As such, waiting for a new 15 MBP (current is 13) with Type C connector(s) and then will upgrade.
OSX being available on non-Apple hardware would just make it where my desktop and laptop could play nicely together.
I completely agree with all your points, but to be fair iOS dominates desktop Mac in terms of revenue to begin with ($51B iPhone + $7B iPad vs. $7B Mac). That's reflected in the fact that Apple continues to open source XNU on desktop (granted, not in anywhere near approaching an open-process, or complete, manner) but not on mobile. Apple has historically been more willing to open source things they don't make money on (e.g. LLVM and Swift). Seven billion dollars is a far cry from zero revenue, but it's an interesting trend nonetheless.
Many people who like Macs will continue to buy Macs even if OS X was freely available on other PCs, and OS X would continue to indirectly generate revenue for Apple even after it were open-sourced:
For one, many more people will have access to the Mac App Store and the iBook Store, leading to increased sales for apps like Final Cut and Logic.

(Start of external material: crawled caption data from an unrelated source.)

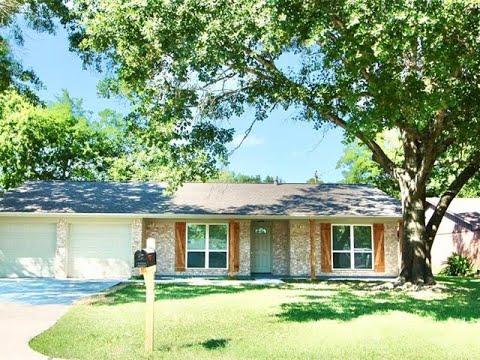 409 Morningside Drive, Friendswood, TX home video tour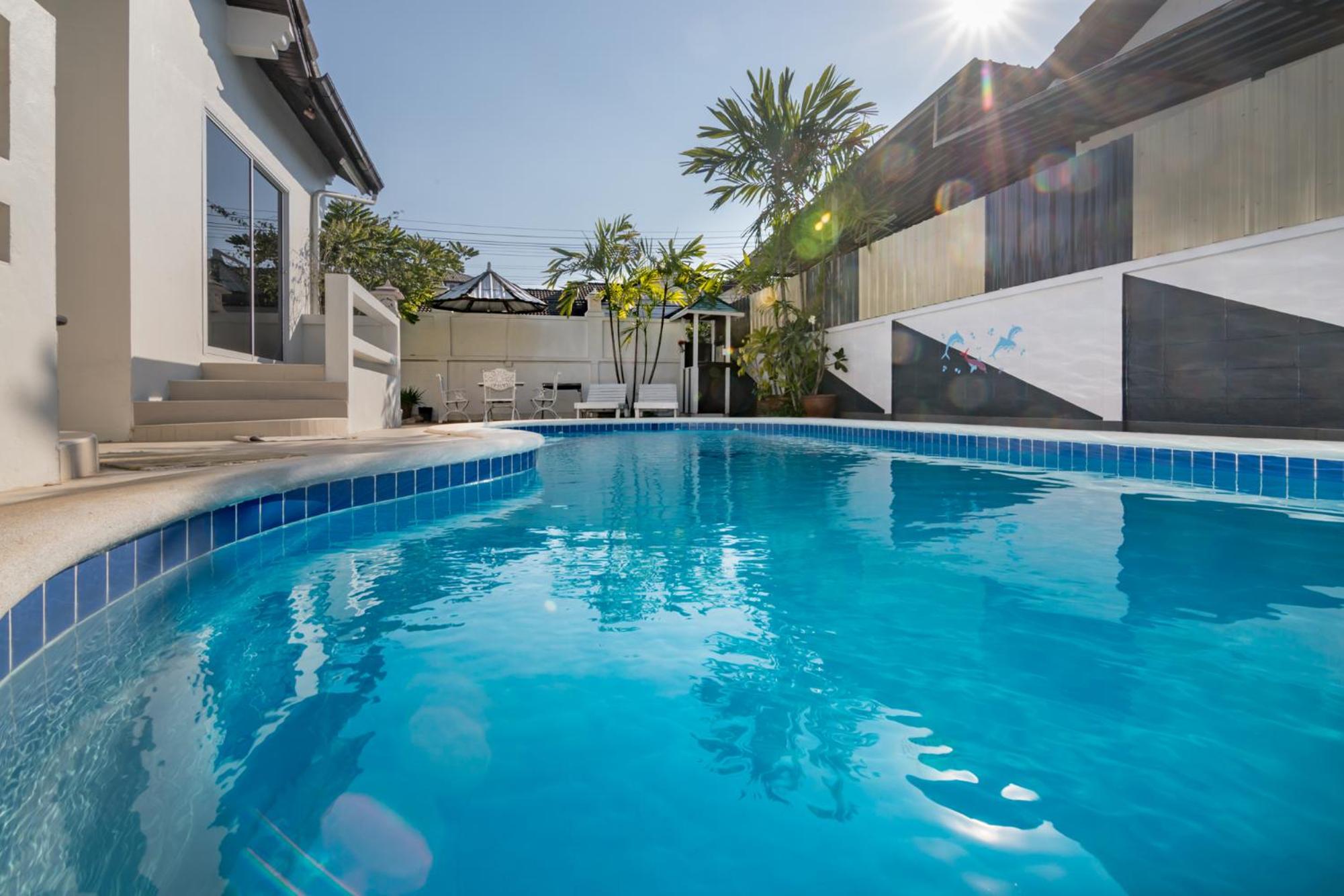 Apartment with Pool View  - Photo 33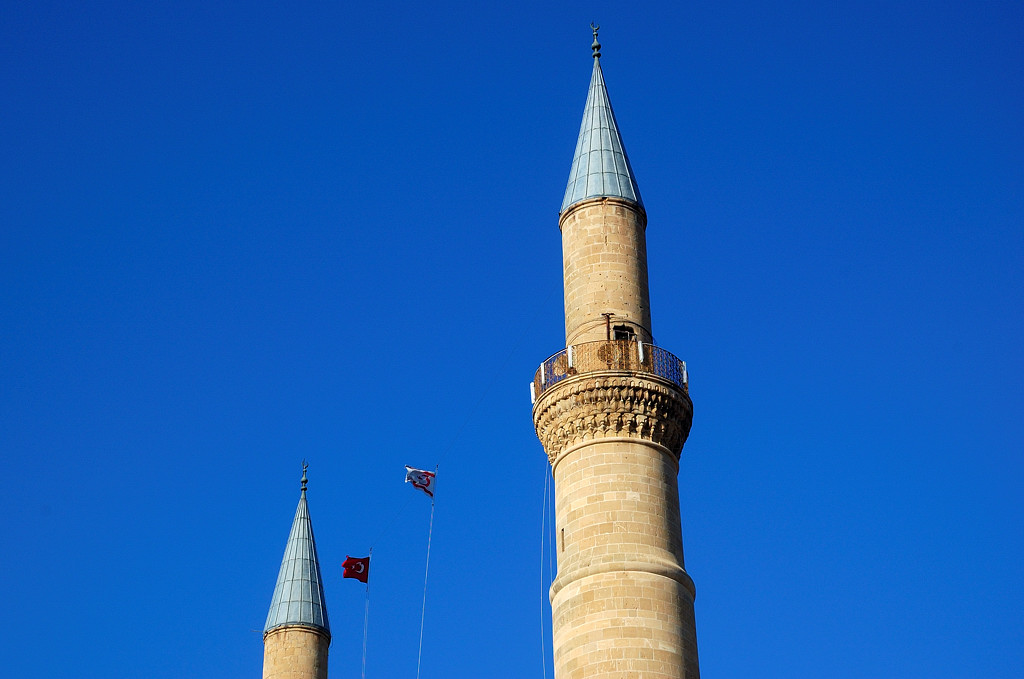 Ж Никосия, Кипр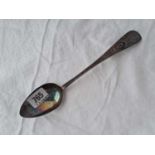 An Early George III bright cut table spoon, bottom marked, 55g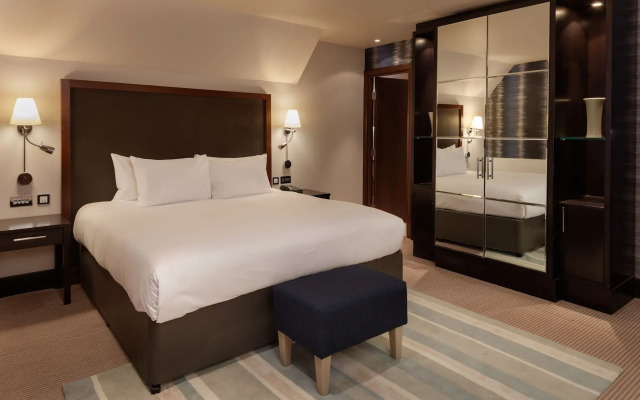 Отель The Cambridge Belfry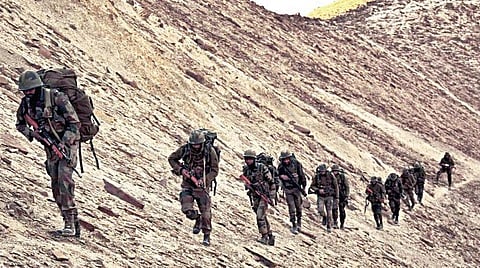 கதைக் குறள் - 20: பெற்றோருக்கு பெருமை சேர்த்த பிள்ளை!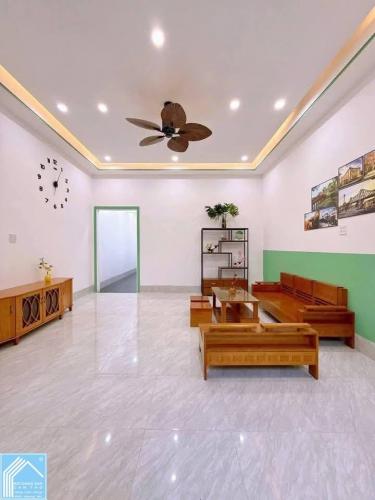   Nhà trệt mới đẹp tặng view lửng ban công chill uống trà đàm đạo. Số 182 đường B11 KDC Phú An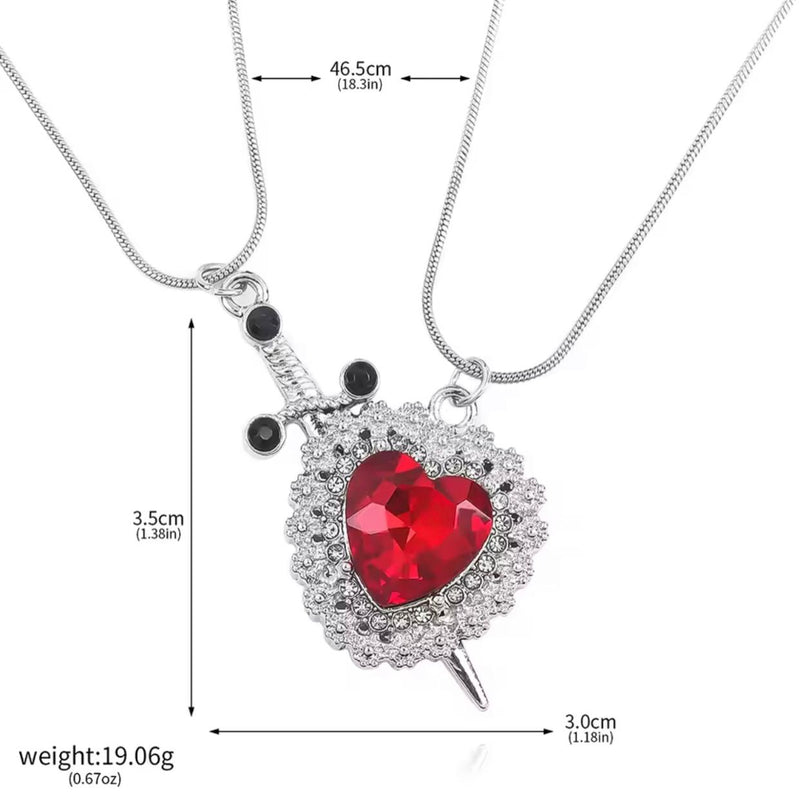 Par de Colar Coração e Espada Charmed Love - Surpreenda quem você ama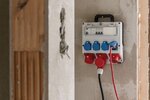 Coffret de distribution 4 32 IP44 4x LS 230V 16 A, 1xLS 400V 16 A, 1xFI 40 A 4-polig 30mA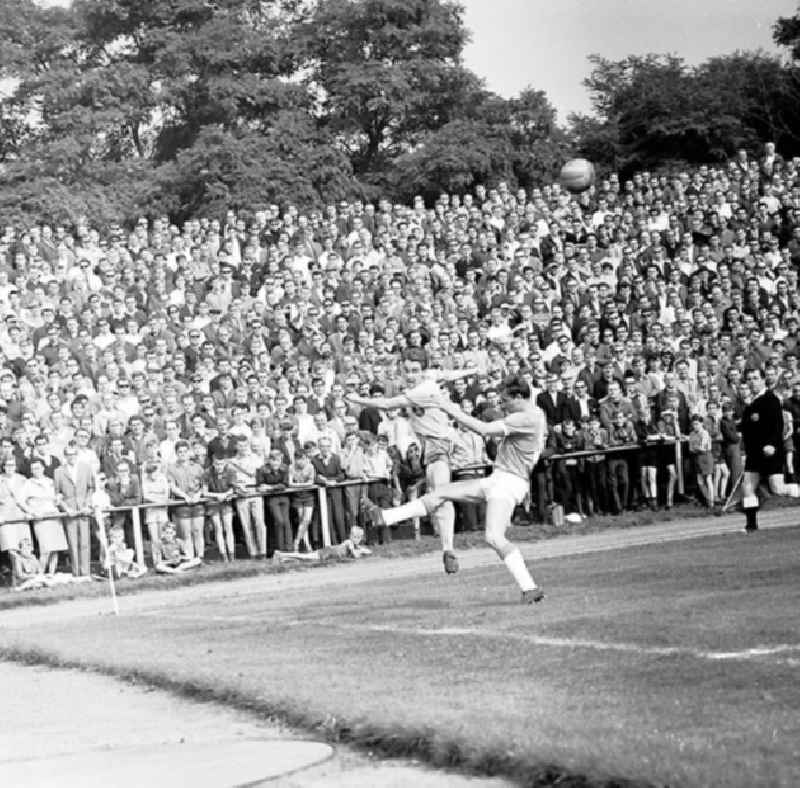 1967

Oberliga-Punktspiel: 1. FC Lokomotive Leipzig:FC Karl Marx Stadt im Bruno Plache Stadion. Endstand 2:2

Umschlagnr.: 98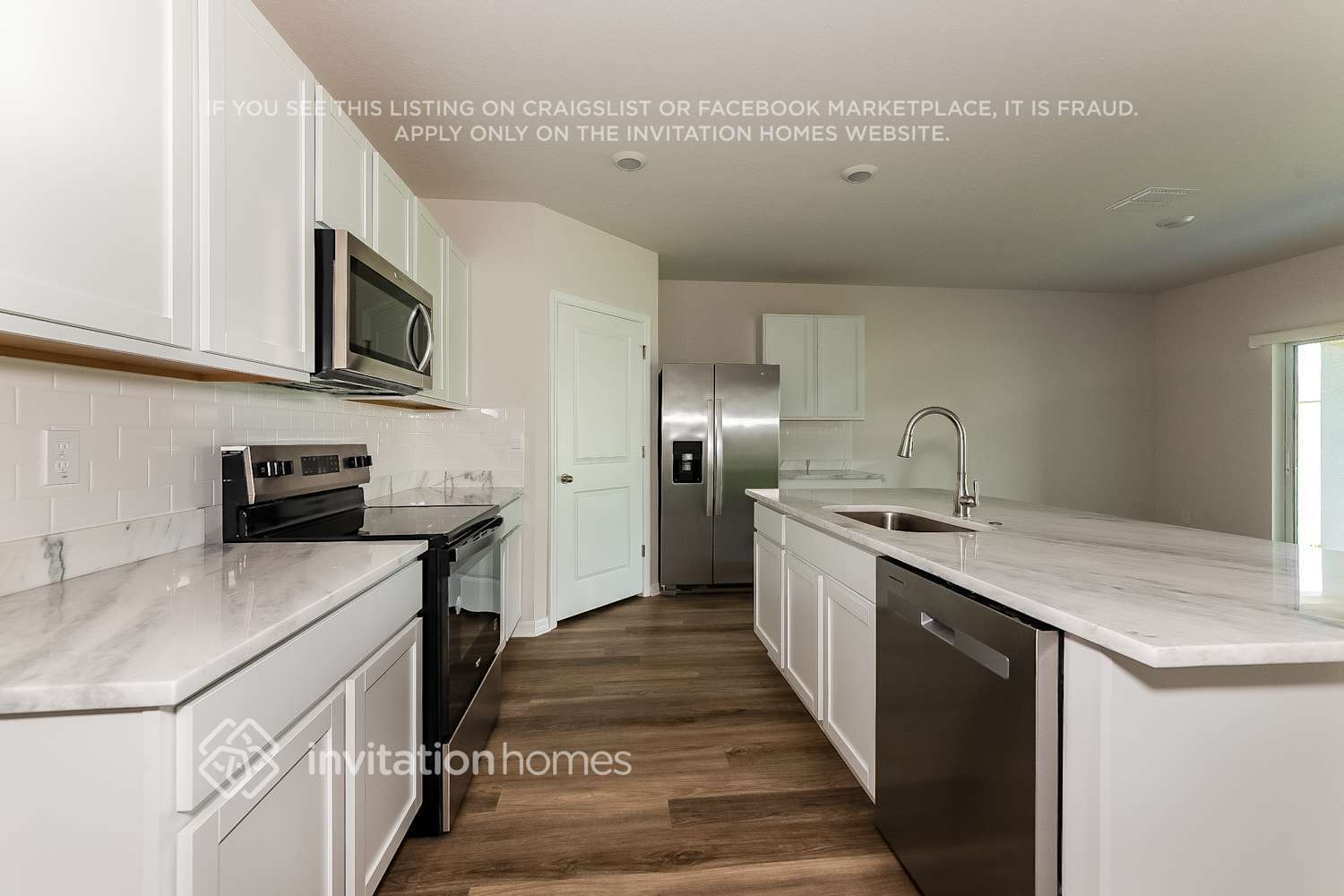 Building Photo - 8021 Majestic Palms Ct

There'll be many more potential customers for their iCloud Drive storage plans. Last but not least, it will drastically lower barriers for iOS/tvOS/watchOS development as people will be able to develop on any PC they want, not to mention it would increase the pool of people making native Mac apps as well.
Apple can still differentiate Macs through their hardware, things like their pressure-sensitive trackpads, form factor and by keeping bundled apps (like Photos and stuff) closed-source and exclusive to Macs.
But it's not open source in the way Swift is. Apple doesn't have a git repo or something for Darwin. In essence, you only get the "tags". They don't take pull requests, you need a Dev account to post bug reports, etc.
It feels a bit dangerous to claim that the only True Open Source projects are the ones hosted on Github and Github alone. Just because the source code isn't released using your favourite version control system doesn't mean it's not "open-source." The code is available and yours to use.
I agree that Apple's darwin release doesn't have much of an open-source community around it.